Quanto a successivo titolo in programma, il primo tentativo di sonata, da parte di Ravel, nacque nel periodo in cui l’autore, ventiduenne, seguiva i corsi di composizione, presso il conservatorio parigino, sotto la guida di Gabriel Fauré. Il lavoro fu pubblicato solo nel 1975, in occasione del centenario della nascita dell’artista; donde il titolo, alquanto ingannevole, di Sonata “postuma”, come se si trattasse di un prodotto dell’estrema fase creativa, mentre esso risale – come si è detto – agli anni della formazione, quando il basco-francese era ancora fortemente influenzato dai grandi esempi precedenti, in particolare, dai movimenti iniziali delle sonate di César Franck e di Gabriel Fauré. Per questo il “modernista” Ravel, una volta trovata la sua strada, non ebbe interesse a pubblicare questo questo suo primo saggio, che doveva apparirgli agli antipodi rispetto alle sperimentazioni successive: lontano dai giochi di contrasti, da lui privilegiati nel 1927, e invece fondato sull’equilibrio tra i due strumenti. Analogamente espressivi i solisti in questo pezzo, in un unico movimento, che inizia con un tema molto dolce e cantabile – precorrendo l’attacco del Trio per pianoforte, violino e violoncello, di una ventina di anni dopo – per poi procedere con un fitto gioco fra i due strumenti e una varietà di figure ritmiche, prima che tutto nuovamente si acqueti.
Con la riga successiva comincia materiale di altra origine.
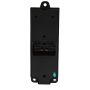 ROSTRA 66-0394 Door Window Switch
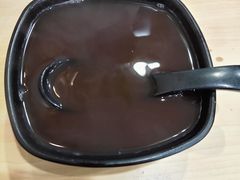 -如意馄饨(唯亭店)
Venedo a Louis Vierne – il musicista ipovedente, per anni organista a Notre-Dame – la sua Sonata per violino e pianoforte, commissionatagli da Eugène Ysaÿe (dedicatario dell’opera) e da Raoul Pugno, ha lasciato una durevole traccia di sé, anche perché, dopo la Prima guerra mondiale, Jacques Thibaud e Georges Enesco inserirono questo titolo nei programmi delle loro tournées. Con questa sonata – che ebbe una genesi tribolata, dapprima per motivi di salute, poi a causa di difficoltà intervenute alla prima assoluta, intrecciate a problemi familiari – il compositore cerca di unificare i due strumenti; inoltre rompe con la tradizione della forma ciclica di César Franck, proponendo un lavoro in cui i quattro movimenti sono autonomi l’uno rispetto all’altro. Un’ampia gamma di colori e di accenti si è apprezzata anche nell’esecuzione di queste pagine: dall’Allegro risoluto basato su due temi – l’uno appassionato, l’altro sereno – all’Andante sostenuto segnato da più accentuati cambiamenti di tono, al vorticoso Intermezzo, fino alla spettacolare conclusione del quarto movimento, Allegro agitato, di grande ampiezza che, in particolare, ha permesso agli interpreti di esprimere tutto il loro virtuosismo. Successo pieno e convinto.